12: Are computers, tablets and associated costs considered qualified higher education expenses? To be treated as Qualified Higher Education Expenses, computers, hardware, software, and internet access and related services must be used primarily by the Beneficiary while enrolled at an Eligible Educational Institution. Qualified Higher Education Expenses do not include expenses for computer software designed for sports, games, or hobbies unless the software is predominantly educational in nature.
13: Is paying off a student loan considered a qualified higher education expense? Federal tax treatment of 529 plan qualified higher education expenses or QHEEs includes the repayment of up to $10,000 (including principal and interest) on any qualified education loan of either a 529 plan designated beneficiary or a sibling of the designated beneficiary. To be a qualified expense, the loan repayment amount for an individual is subject to a lifetime limit of $10,000.
Please see the state tax treatment of withdrawals used toward student loan repayment here.

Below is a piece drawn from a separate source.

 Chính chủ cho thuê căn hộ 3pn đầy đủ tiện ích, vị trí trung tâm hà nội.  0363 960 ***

14: What is a non-qualified withdrawal? A non-qualified withdrawal is any withdrawal that does not meet the requirements of being: (1) a qualified withdrawal; (2) a taxable withdrawal; or (3) a rollover. The earnings portion of a non-qualified withdrawal is subject to state and federal income taxation, and the 10% additional federal tax on earnings (the “Additional Tax”).

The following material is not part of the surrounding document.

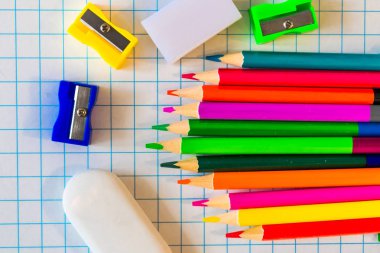 kutuda bir kağıt parçası üzerinde renkli kalemler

15: Under what circumstances are taxable withdrawals not subject to the 10% additional federal tax on earnings? A taxable withdrawal that is not subject to the 10% additional federal tax on earnings (the “Additional Tax”) is a withdrawal from your account that is:
(1) paid to a beneficiary of, or the estate of, the Beneficiary on or after the beneficiary’s death;
(2) attributable to the permanent disability of the beneficiary;
(3) made on account of the receipt by the Beneficiary of a scholarship award or veterans’ or other nontaxable educational assistance (other than gifts or inheritances), but only to the extent of such scholarship or assistance;
(4) made on account of the beneficiary’s attendance at a military academy, but only to the extent of the costs of education attributable to such attendance; or
(5) equal to the amount of the beneficiary’s relevant Qualified Higher Education Expenses that are taken into account in determining the beneficiary’s American Opportunity Credit or Lifetime Learning Credit. The earnings portion of a taxable withdrawal is subject to federal income tax but not to the Additional Tax.